Professional services giant Capita Asset Services is planning to increase its Irish-based workforce by 200 people inside the next two years on the back of a growing project portfolio and general growth in the economy.
The company yesterday announced its appointment to service the new €500m residential development finance business, Activate Capital.
Backed by private equity house KKR and the Ireland Strategic Investment Fund, Activate is aimed at stimulating housebuilding in Ireland by providing builders with as much as 90% debt financing for residential projects.
It will also create an estimated 1,900 permanent jobs, said the Government.
Increased business and construction activity has led Capita to predict strong economic growth for Ireland into 2016 and beyond and has led it to pledge another 200 positions to its Irish operations by the end of 2017.
Capita currently employs 1,600 people in Ireland in the areas of corporate services, loan administration, asset management, loan workout, and recovery as well as support services for the banking, fund administration, aviation and life and pensions industries.
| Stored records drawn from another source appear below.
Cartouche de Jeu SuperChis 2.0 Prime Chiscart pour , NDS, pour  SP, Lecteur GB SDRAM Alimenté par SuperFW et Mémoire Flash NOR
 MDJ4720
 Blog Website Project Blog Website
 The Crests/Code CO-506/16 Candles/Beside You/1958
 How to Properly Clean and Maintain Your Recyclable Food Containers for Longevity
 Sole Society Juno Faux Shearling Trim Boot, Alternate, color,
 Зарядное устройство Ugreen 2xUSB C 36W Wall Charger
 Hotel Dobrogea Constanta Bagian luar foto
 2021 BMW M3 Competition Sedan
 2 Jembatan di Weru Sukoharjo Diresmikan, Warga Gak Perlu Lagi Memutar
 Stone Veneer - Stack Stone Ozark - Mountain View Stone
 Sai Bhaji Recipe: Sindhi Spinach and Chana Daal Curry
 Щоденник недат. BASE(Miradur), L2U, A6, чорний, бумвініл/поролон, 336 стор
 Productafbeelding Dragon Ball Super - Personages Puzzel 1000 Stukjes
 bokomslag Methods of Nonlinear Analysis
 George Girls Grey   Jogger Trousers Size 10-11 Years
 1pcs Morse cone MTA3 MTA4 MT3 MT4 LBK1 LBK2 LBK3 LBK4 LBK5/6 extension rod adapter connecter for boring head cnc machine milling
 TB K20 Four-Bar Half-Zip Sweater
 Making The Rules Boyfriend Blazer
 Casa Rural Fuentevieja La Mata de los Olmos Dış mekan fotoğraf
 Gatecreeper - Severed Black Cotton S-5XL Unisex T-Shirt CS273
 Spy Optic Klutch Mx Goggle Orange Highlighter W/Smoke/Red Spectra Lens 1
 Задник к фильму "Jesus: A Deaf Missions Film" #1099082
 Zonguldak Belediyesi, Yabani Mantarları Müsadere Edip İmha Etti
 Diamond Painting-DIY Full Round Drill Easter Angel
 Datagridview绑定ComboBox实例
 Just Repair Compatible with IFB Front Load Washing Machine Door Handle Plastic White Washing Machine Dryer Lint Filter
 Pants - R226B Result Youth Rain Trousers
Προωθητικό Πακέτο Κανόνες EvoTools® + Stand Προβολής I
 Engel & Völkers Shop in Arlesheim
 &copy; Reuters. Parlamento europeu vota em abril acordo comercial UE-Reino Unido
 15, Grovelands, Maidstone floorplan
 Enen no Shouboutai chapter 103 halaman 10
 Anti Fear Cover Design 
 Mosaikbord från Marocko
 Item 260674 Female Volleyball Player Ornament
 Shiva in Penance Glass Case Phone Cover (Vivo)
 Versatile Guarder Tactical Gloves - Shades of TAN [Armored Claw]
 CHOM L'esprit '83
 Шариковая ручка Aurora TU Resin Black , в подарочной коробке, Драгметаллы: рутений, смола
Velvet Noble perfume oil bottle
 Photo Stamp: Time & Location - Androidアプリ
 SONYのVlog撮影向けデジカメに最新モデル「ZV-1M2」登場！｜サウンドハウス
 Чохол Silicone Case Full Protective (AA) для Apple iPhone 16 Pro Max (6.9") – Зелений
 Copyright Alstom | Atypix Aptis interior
“Based on business forecast we would anticipate increasing headcount by up to 200 in the next two years,” said chief executive Robbie Hughes.
“After a number of very challenging years for the SME and housing sectors there are signs that new forms of lending from Irish and international pension funds as well as private equity, are emerging due to restored confidence in a resurgent Irish market.
“Non-bank direct lending is expected to develop increased market share over 2016 and beyond creating opportunities across the business sector.
"This growth in non-bank direct lending is yet another sign of confidence in Ireland as a place to do business.”
Finance Minister Michael Noonan said Capita’s expansion plan marks “a very welcome boost to Ireland”.
“The development of non-bank financing options for Irish businesses, in particular, has been a key priority for this Government,” he said.
“The Irish economy can continue to grow strongly in the medium term, but access to a broad and diverse range of financing options is an essential ingredient.
“Today’s announcement highlights that non-bank financing is not just good news for SMEs but is good news for our dynamic and highly educated workforce.”